+++ DATA SUPPLIED +++
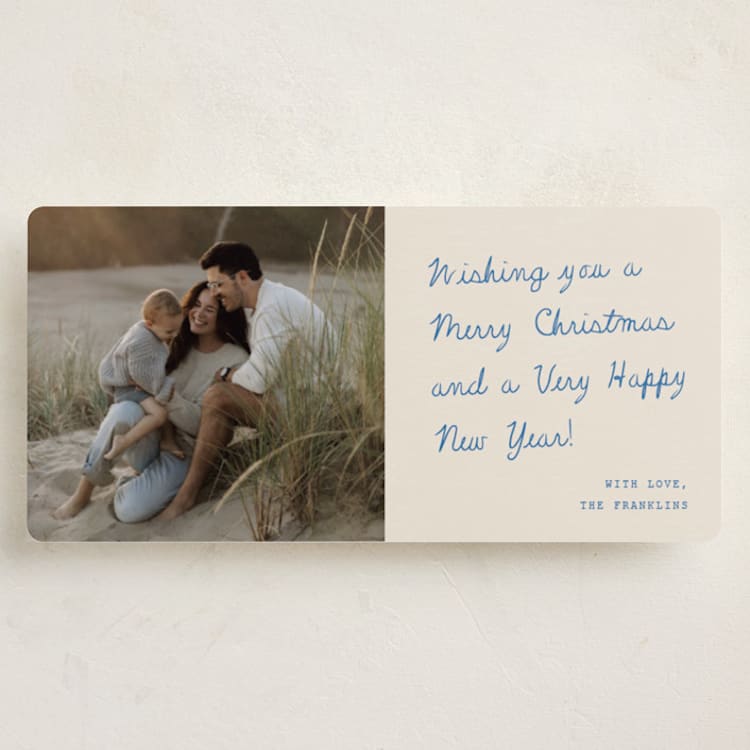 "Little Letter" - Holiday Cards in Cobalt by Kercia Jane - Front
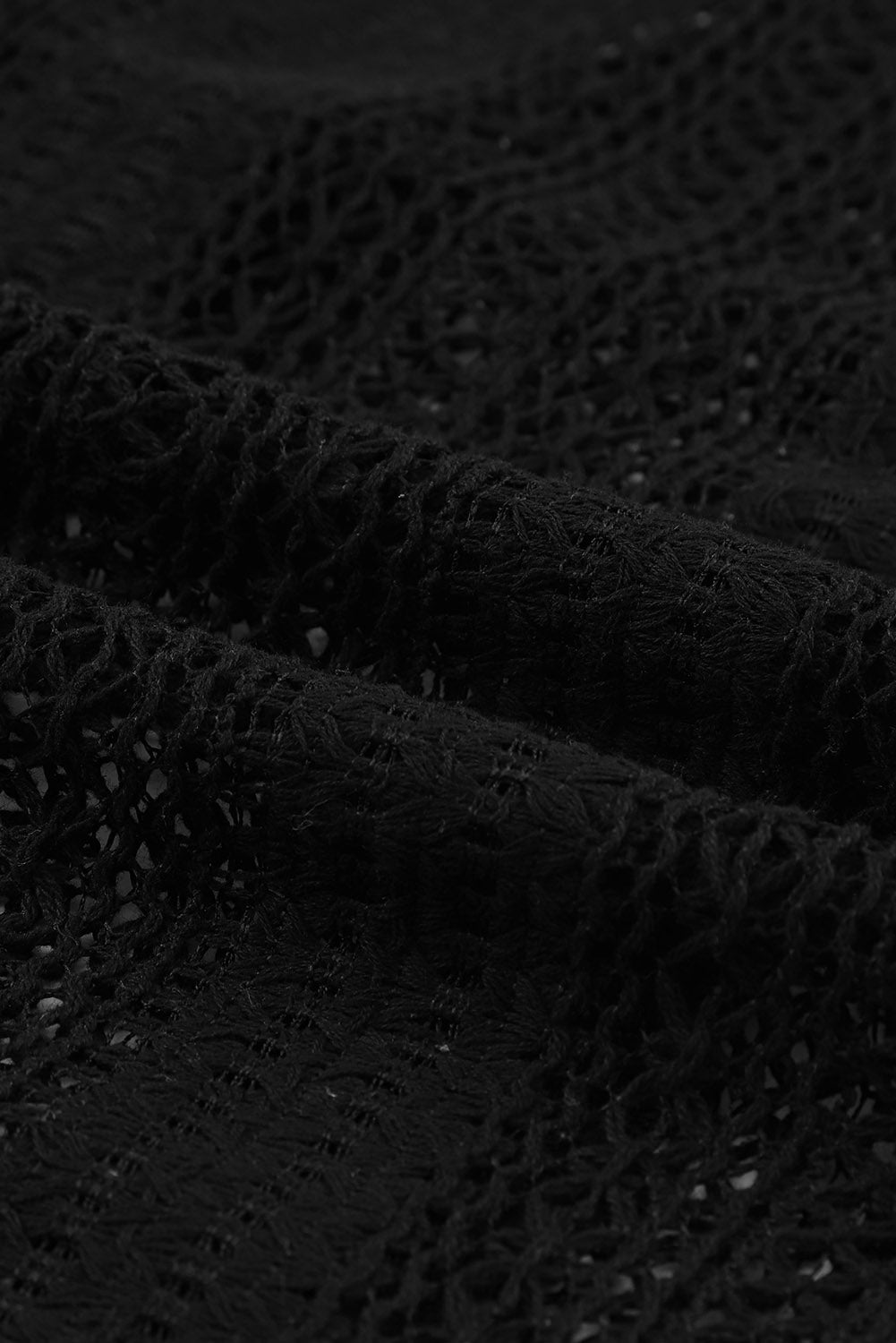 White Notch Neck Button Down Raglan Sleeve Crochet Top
+++
+++ DATA SUPPLIED +++
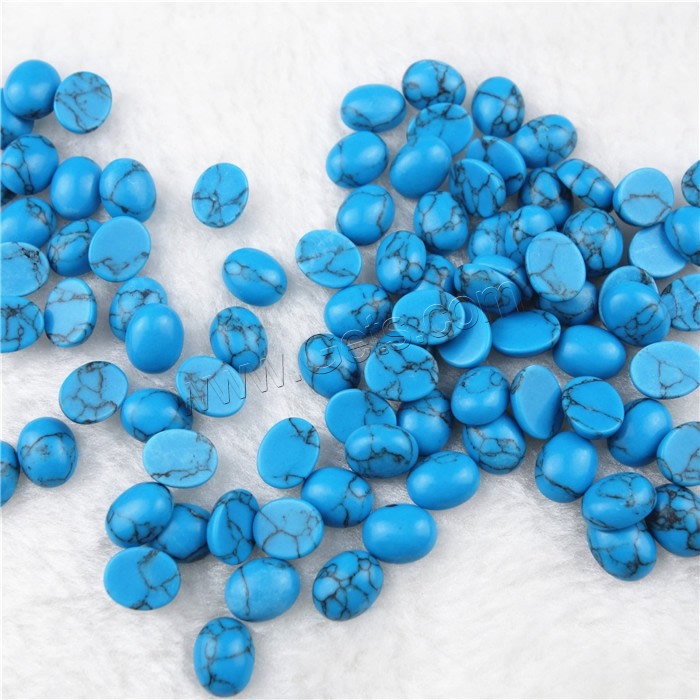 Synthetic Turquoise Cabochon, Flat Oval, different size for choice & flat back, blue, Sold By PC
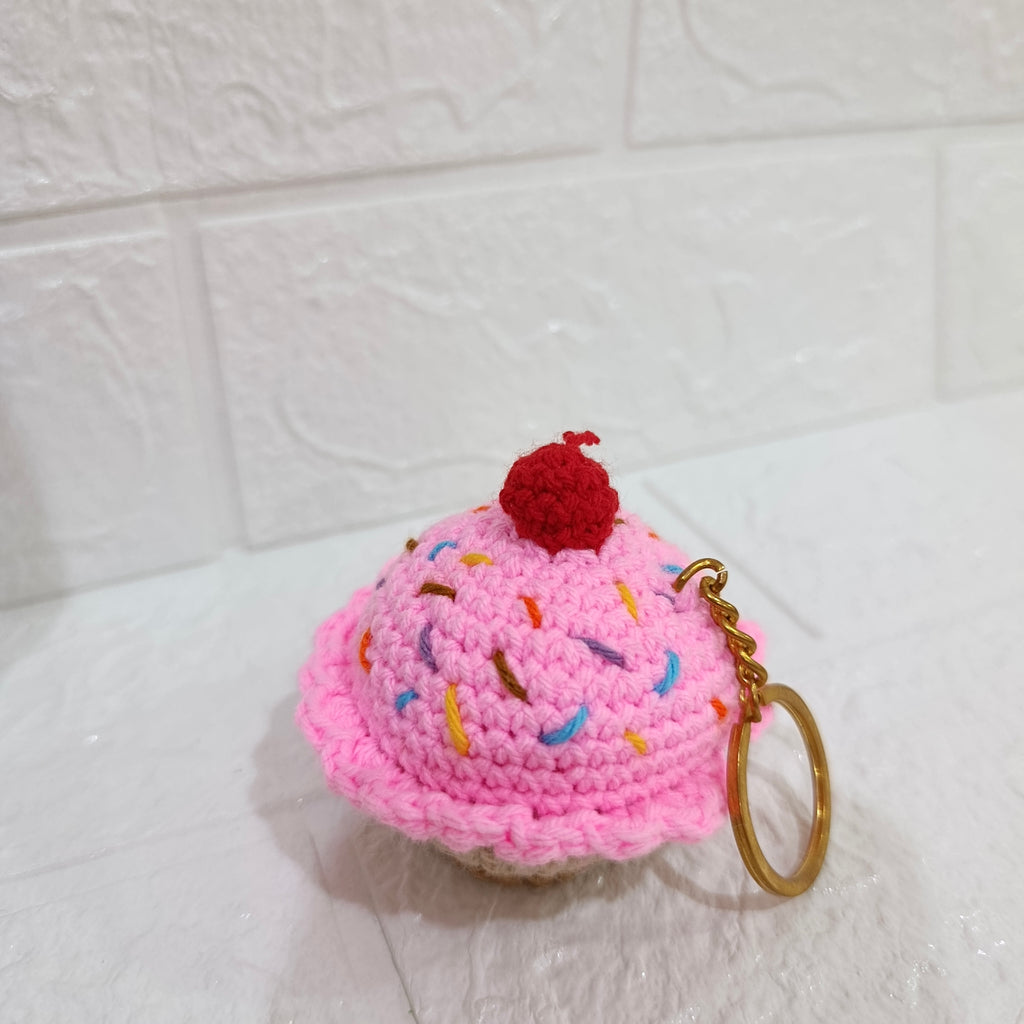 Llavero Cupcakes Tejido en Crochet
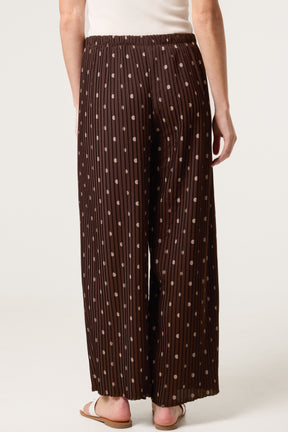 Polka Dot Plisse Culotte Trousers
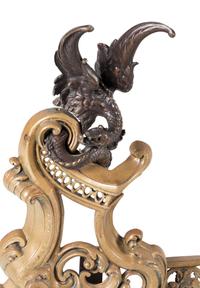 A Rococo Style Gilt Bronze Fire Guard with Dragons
+++
§ **WORK ORDER**
Set down again, exactly, every line above from the one with "Jane - Front" down to the one with "White Notch Neck", both ends included. No pictures, and nothing else.

§ **RESULT**
 "Little Letter" - Holiday Cards in Cobalt by Kercia Jane - Front
 White Notch Neck Button Down Raglan Sleeve Crochet Top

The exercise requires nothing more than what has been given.